“«A Eduardo Lourenço devemos a lição de interrogar não só a vida, mas também a morte com sabedoria, distanciamento e serenidade, lutando para conter a história nos limites do humanamente aceitável, tarefa como sabemos trabalhosa e inacabada, mas também indeclinável se quisermos que a civilização e o humanismo sejam mais do que uma abstração.»
José Tolentino Mendonça
«Antologiar um autor tão diverso e multifacetado é tarefa complexa, mas apaixonante. Os textos e as ideias encadeiam‑se – numa procura permanente de posição e de sentido. O labirinto que o ensaísta percorre traz‑nos a saudade não como melancolia ou como lembrança e desejo, mas como interrogação e dúvida, paradoxo e demanda de síntese. A paixão por Camões, Antero e Pessoa significa a procura de compreender a cultura como um diálogo permanente entre o sublime e a vida comum, a unidade e a diversidade...»
Guilherme d’Oliveira Martins
Antologia dos principais textos de uns dos mais marcantes pensadores da cultura portuguesa do século XX falecido no final de 2020. Selecção das principais questões e autores sobres os quais Eduardo Lourenço reflectiu feita por Guilherme d’Oliveira Martins, um profundo conhecedor da obra do ensaísta e um dos seus amigos mais próximos.
«Os textos que constituem a presente escolha procuram abranger momentos importantes do percurso do autor, começando pela definição da atitude independente e heterodoxa e pela referência fundadora da relação com a Europa e com o diálogo que então nos faltava (1949), colocando essa reflexão na continuidade de quantos portugueses recusaram fechar‑se dentro das fronteiras, desde os renascentistas aos românticos, como Garrett e Herculano, até à complexa atitude de Antero de Quental e da sua geração, de quem se sentiu tão próximo sempre.
E nesta linha repensa Portugal (num contexto existencial), interpreta a conferência de Antero sobre as «Causas da Decadência», interroga Oliveira Martins, analisa criticamente o papel dos mitos, desconstrói a saudade e o sebastianismo, encontra‑‑se com Camões enquanto referência cultural, e mergulha numa reflexão sobre Fernando Pessoa. A existência mítica e os caminhos vários que abre foram uma preocupação permanente do ensaísta, em busca da diversidade, da porta aberta, do melting pot português, das aventuras e desventuras migrantes, do País entre a realidade e o sonho, da língua projectada universalmente. Mas o sentido crítico, sempre muito agudo, levaria à reflexão sobre a Europa desencantada.
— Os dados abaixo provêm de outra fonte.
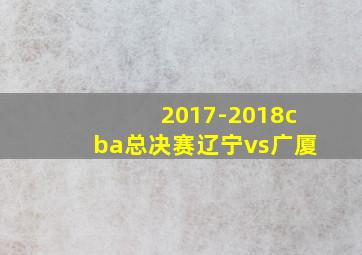 2017-2018cba总决赛辽宁vs广厦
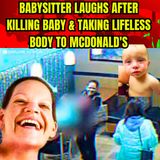 Babysitter Laughs After Killing Baby & Taking Lifeless Body to McDonald's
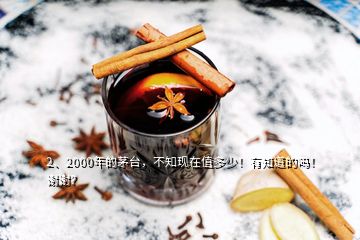 2、2000年的茅臺(tái)，不知現(xiàn)在值多少！有知道的嗎！謝謝？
E, por fim, nesta recolha é ainda possível encontrar a relação pessoalíssima do ensaísta com a poesia. Hölderlin diria «o que permanece / os poetas o fundam». A amizade com Carlos de Oliveira obriga a explicações sobre «o sentido e a forma da poesia neorrealista», a crítica e a metacrítica aprofundam a atitude criadora do autor, Camões é símbolo da nossa cultura e Antero revela a tensão essencial (bem presente neste ensaísmo) entre o pensamento e a utopia.
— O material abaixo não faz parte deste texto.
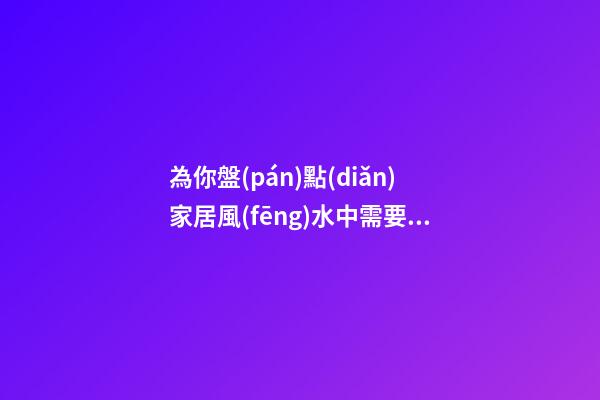 為你盤(pán)點(diǎn)家居風(fēng)水中需要注意的問(wèn)題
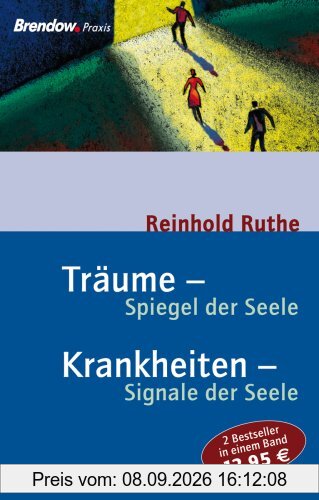 Träume - Spiegel der Seele, Krankheiten - Signale der Seele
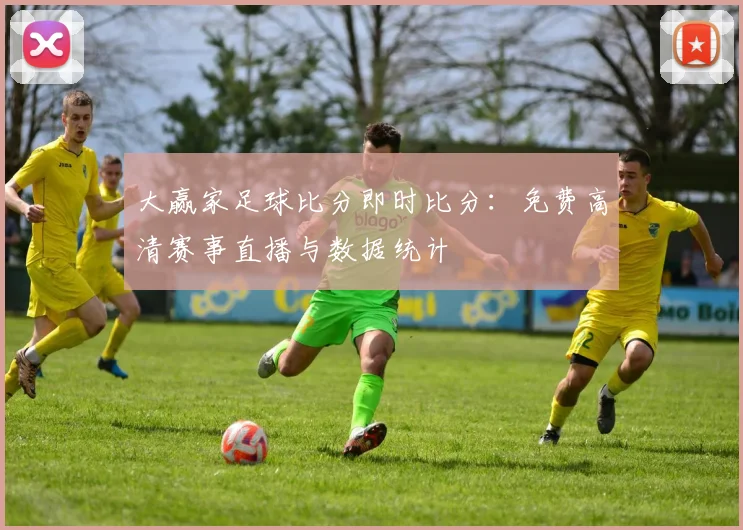 大赢家足球比分即时比分:免费高清赛事直播与数据统计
Eduardo Prado Coelho falou de uma nostalgia da unidade e do absoluto em Eduardo Lourenço. Num texto inédito de 1954, publicado pela revista Relâmpago (n.o 22, 4 ‑2008) («Ísis ou a Inteligência»), o ensaísta diz: «a mitologia é a verdade dispersa, túnica rasgada de um deus morto a quem só podemos ressuscitar juntando com paciência piedosa todos os pedaços. Essa tarefa é superior às nossas forças». É essa interrogação permanente sobre os mitos que nos revela uma das facetas mais originais do autor. Se bem virmos, é a desconstrução de mitos, como a saudade e o sebastianismo, ou como os excessos contraditórios sobre a nossa identidade, que permite avançar no sentido de uma ideia de emancipação individual ou colectiva.»”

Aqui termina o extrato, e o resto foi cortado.